A young nun charged with talking an anorexic out of her religious fanaticism toys with the thin distance between practicality and blasphemy. A strange bond between a teacher and a schoolgirl takes on ever deeper, and stranger, shapes as the years progress. A bride-to-be with a penchant for nocturnal bondage can’t seem to stop bashing herself up in the light of day.
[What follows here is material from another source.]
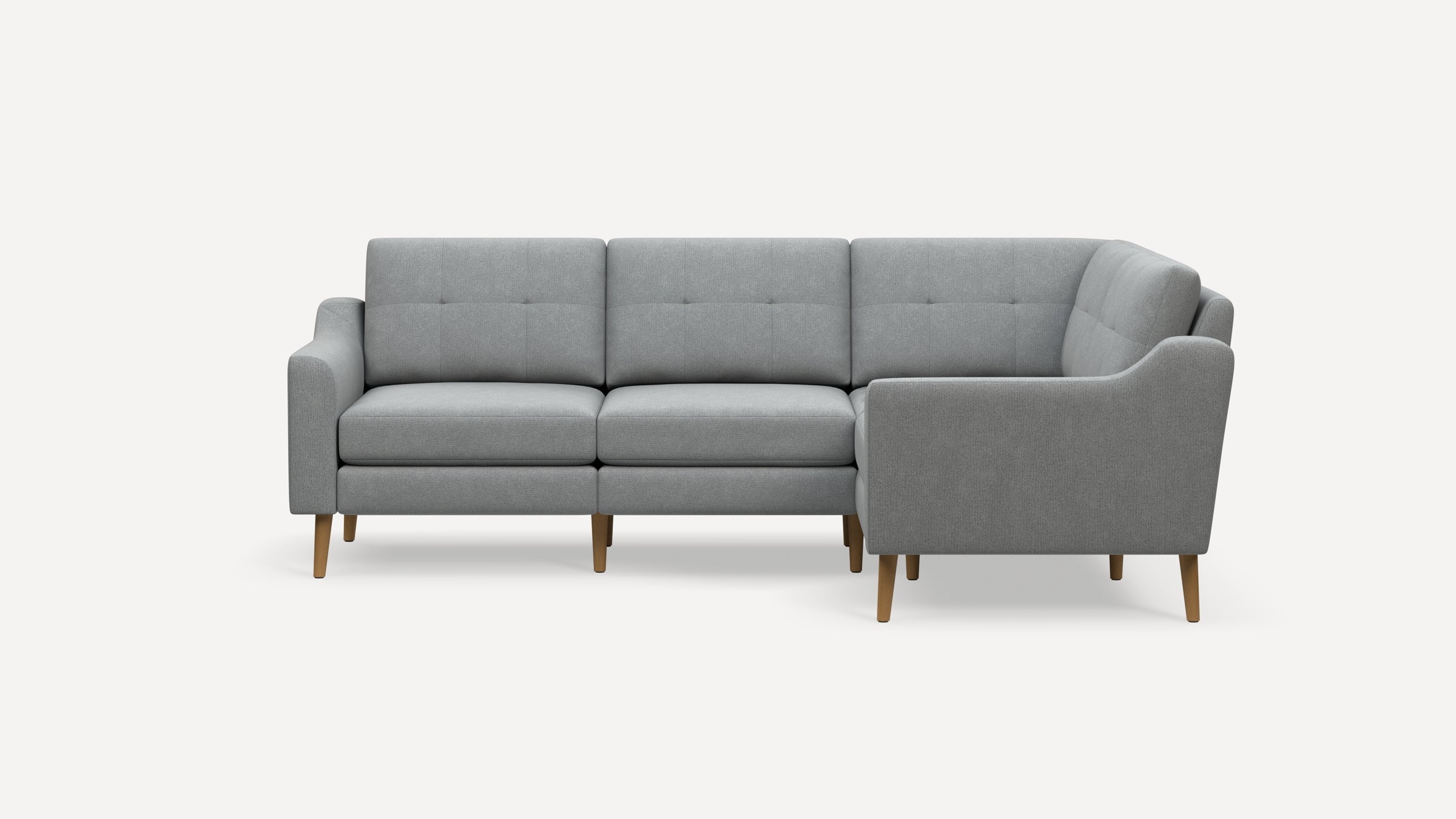 Nomad Plus 4-Seat Corner Sectional - Crushed Gravel - Performance Chenille / Oak - Wood / Slope Arm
Equally adept at capturing the foibles and obsessions of men and of women, compassionate in her humour yet never missing an opportunity to make her characters squirm, fascinated as much by faithlessness as by faith, Lynn Coady is quite possibly the writer who best captures what it is to be human at this particular moment in our history.

my thoughts-01

Short stories have always been something that alludes me. I mean, I understand the novel and I kind of get poetry (something I never really studied in university. Give me books!), but when it comes to short stories, I felt like it took a lot of work to really extrapolate the TRUE meaning of the story. If there was a meaning. Which, in university, there’s ALWAYS a meaning.

I’m not sure if I would have picked up Hellgoing on my own, but when I saw that local author Lynn Coady was up for a Giller Prize with her collection of stories, I decided to give it a whirl. Not only do I love trying out prize-worthy books, but I also have been on a mission to really explore the depths of local talent we have here in the capital city.

Without a doubt, it’s easy to see that Lynn Coady has talent. Right off the bat, I was in love with her writing style. It’s more mature than what I was used to, but it was also very accessible. I didn’t find myself fumbling through the text and actually found myself absorbed in the stories. Shocking, right?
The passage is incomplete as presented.